[Provided material — start]

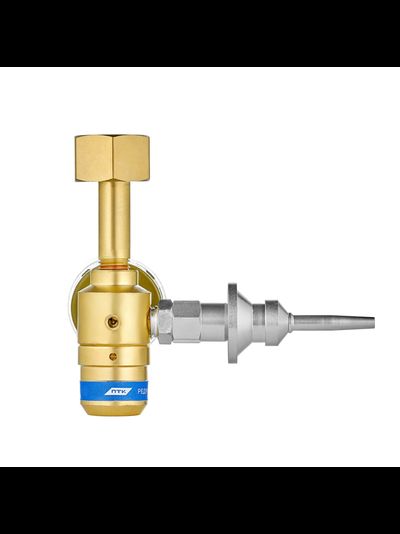 Редуктор гелиевый Г-50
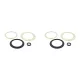 Kalgum steering ball sealing on both sides with half-shaft seal Suzuki Jimny 1998->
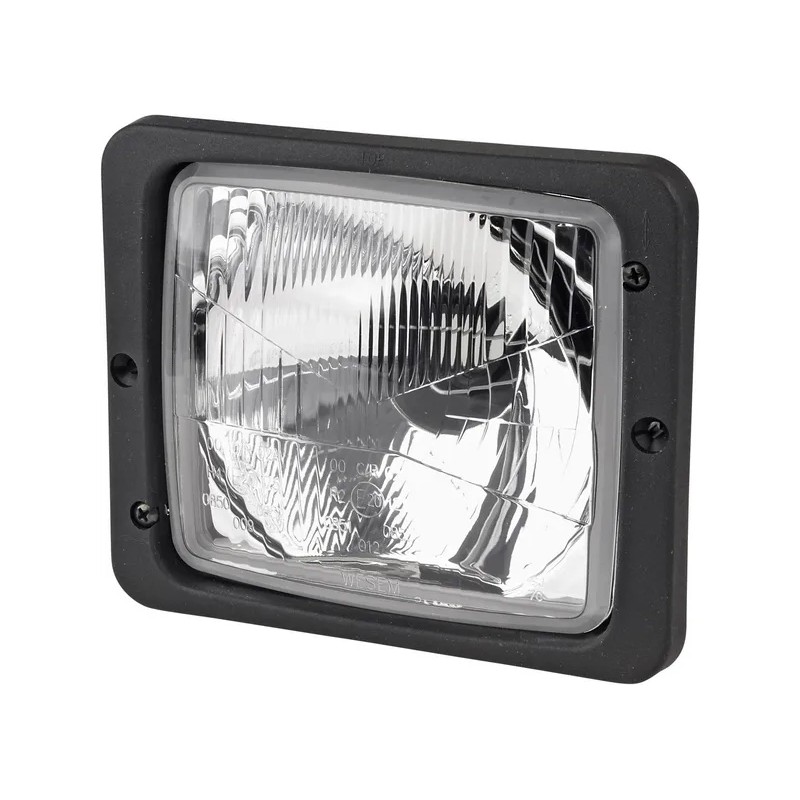 Headlight with frame re22788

[Provided material — finish]

_Required action_
Restate the whole listing exactly as written, minus the pictures.

_Result for this task_
 Редуктор гелиевый Г-50
 Kalgum steering ball sealing on both sides with half-shaft seal Suzuki Jimny 1998->
 Headlight with frame re22788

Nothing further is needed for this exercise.